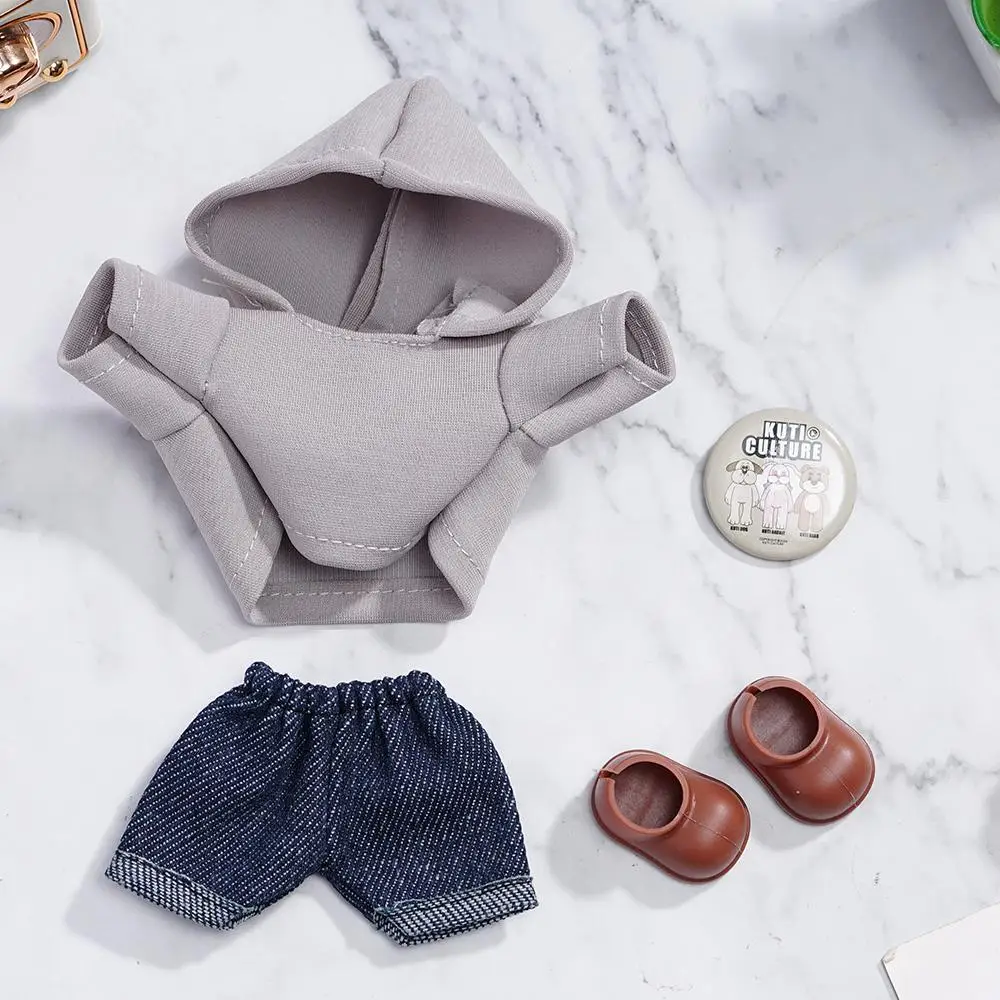 

17cm Doll Clothes For Labubu Mini Hooded Sweatshirt Trousers Shoes Suit With Medal Cute Plush Toy Outfit Accessories For Gi O3M4
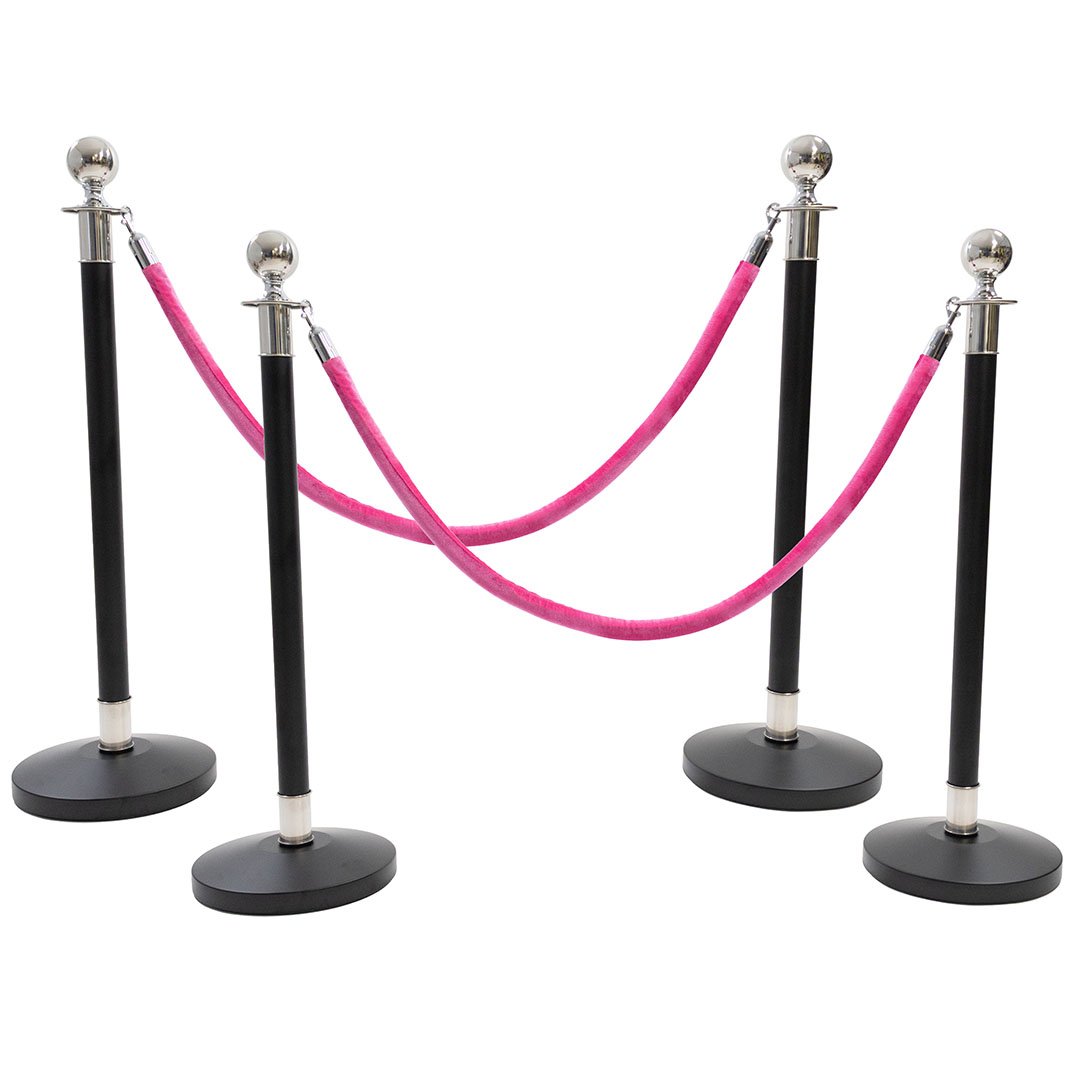 4 Silver Finish Black Stanchion Poles with 2 Hot Pink Velvet Ropes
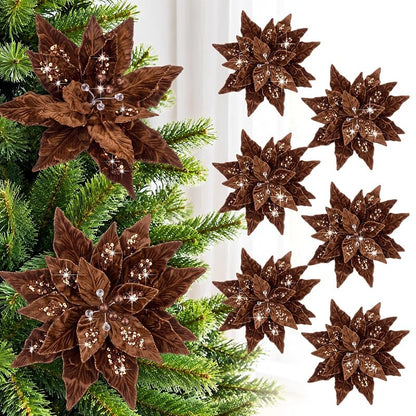 8 Pcs Velvet Christmas Poinsettia Flowers with Stems - Dark Brown (Variation of THIS listing)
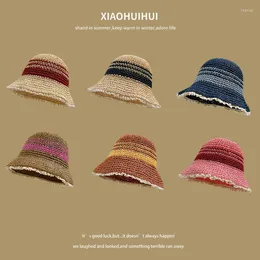 Wide Brim Hats Summer Sweet Fresh Lace Edge Straw Hat Women Seaside Vacation Beach Mixed Color Shading Fisherman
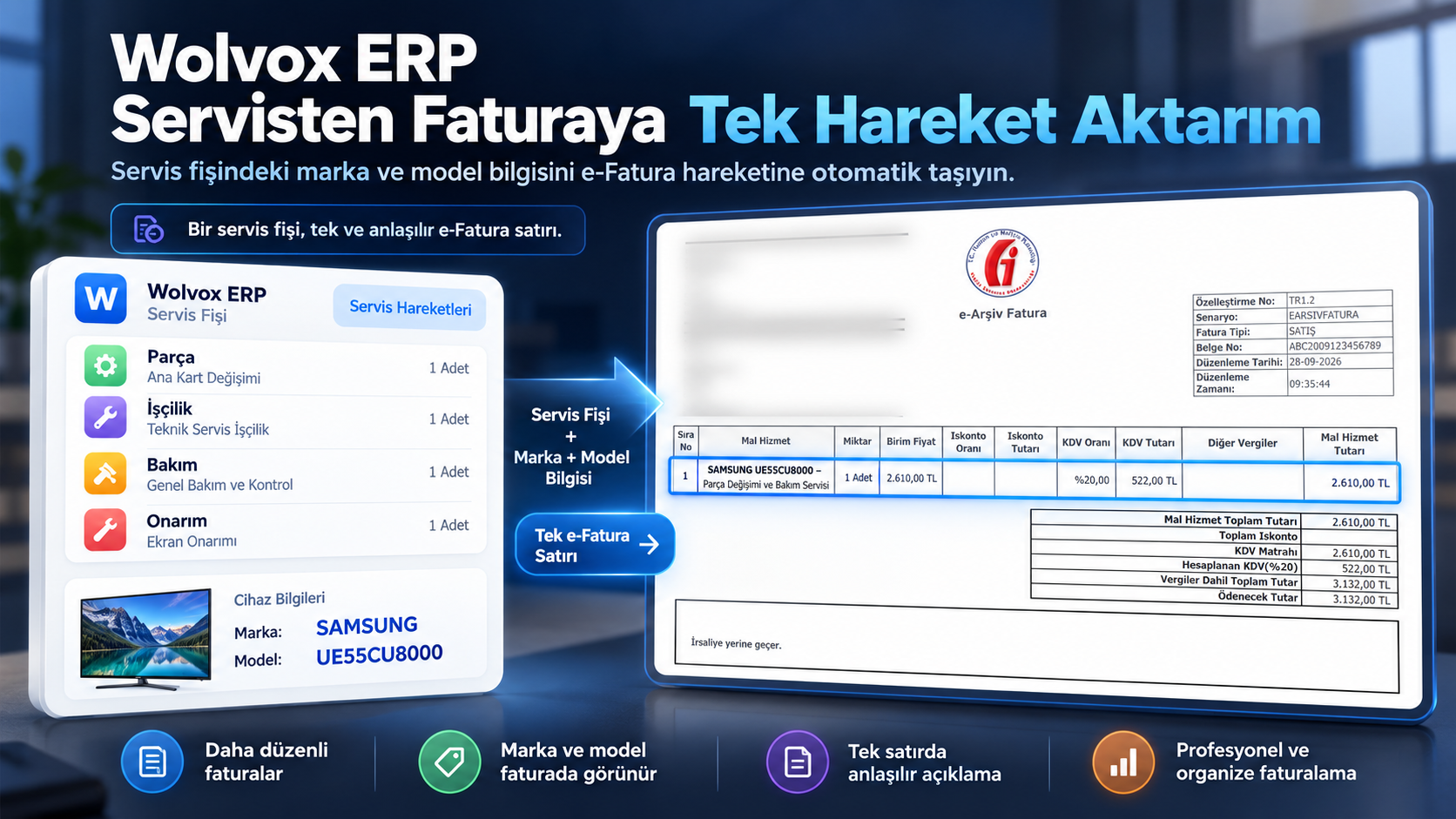 Wolvox ERP Servis/İrsaliye Faturaya Tek Hareket Aktarım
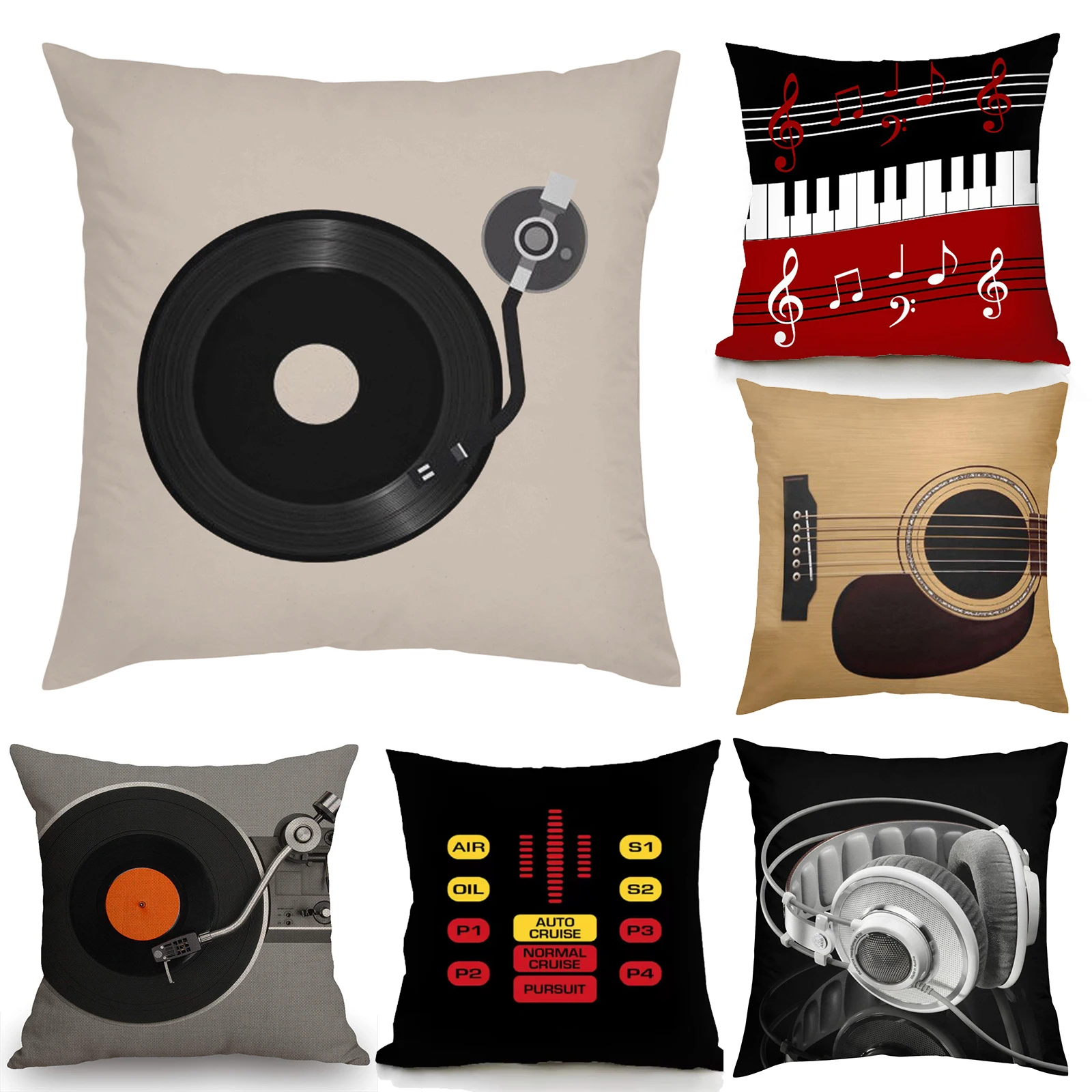 

Retro Music Style Throw Pillow Cover Guitar Microphone Headphone Theme Decorative Square Linen Cushion Cover 18X18 In One Sides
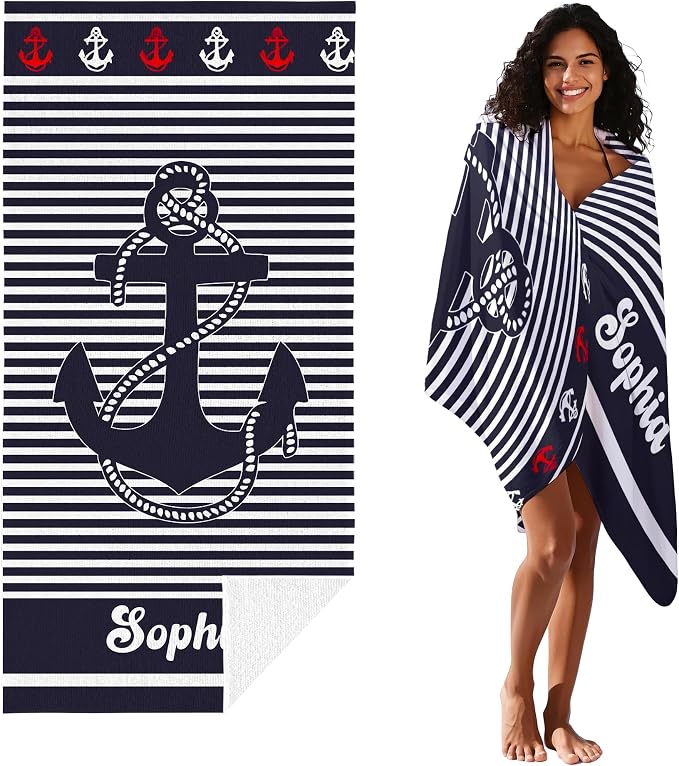 JML Personalized Beach Towel with Name, Custom Anchor Beach Towel, Customized Microfiber Pool Towel, Quick Dry & Absorbent Swim Towel for Adult,Anniversary, Birthday, Summer Holiday,Vacation - Image 2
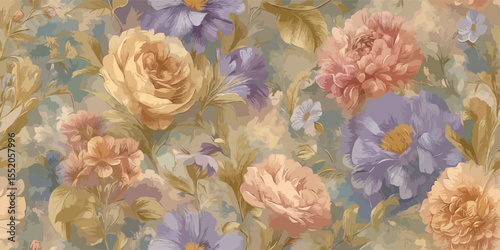 Painterly Floral Garden Seamless Pattern Classic Botanical Vector Design for Home and Fashion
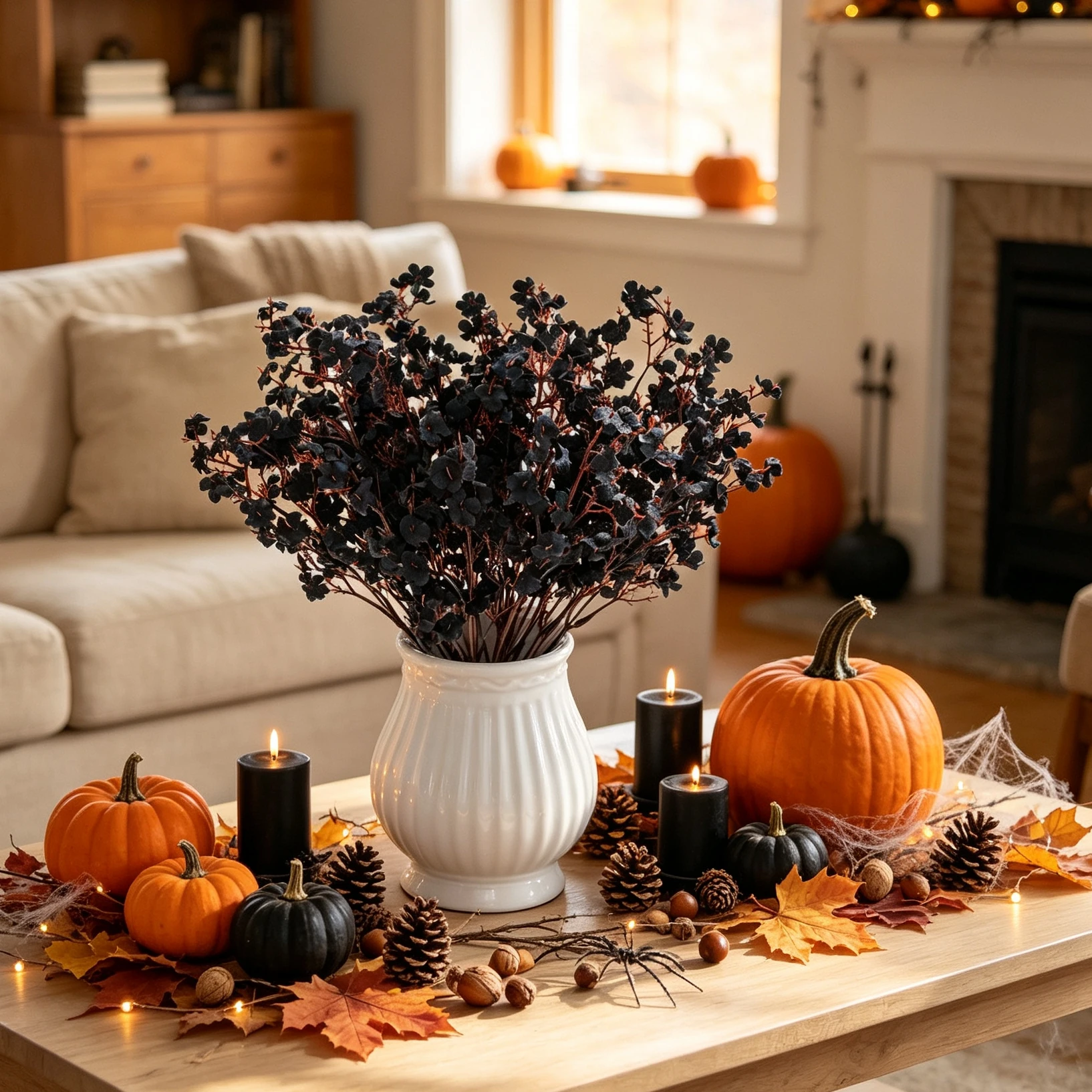 12 Stück Künstliche Blumen aus Seide, Gypsophila, Kleiner Strauß für Zuhause, Zimmer, Tisch, Herbst, Halloween, Dekoration, Kunstblumen für Vase, Hochzeit, Outdoor, DIY-Geschenke – Detail 6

........

• [TASK PROMPT] Copy exactly, leaving out pictures, the lines from the line containing "JML Personalized Beach" through the last line of the records.

• [YOUR SOLUTION]
 JML Personalized Beach Towel with Name, Custom Anchor Beach Towel, Customized Microfiber Pool Towel, Quick Dry & Absorbent Swim Towel for Adult,Anniversary, Birthday, Summer Holiday,Vacation - Image 2
 Painterly Floral Garden Seamless Pattern Classic Botanical Vector Design for Home and Fashion
 12 Stück Künstliche Blumen aus Seide, Gypsophila, Kleiner Strauß für Zuhause, Zimmer, Tisch, Herbst, Halloween, Dekoration, Kunstblumen für Vase, Hochzeit, Outdoor, DIY-Geschenke – Detail 6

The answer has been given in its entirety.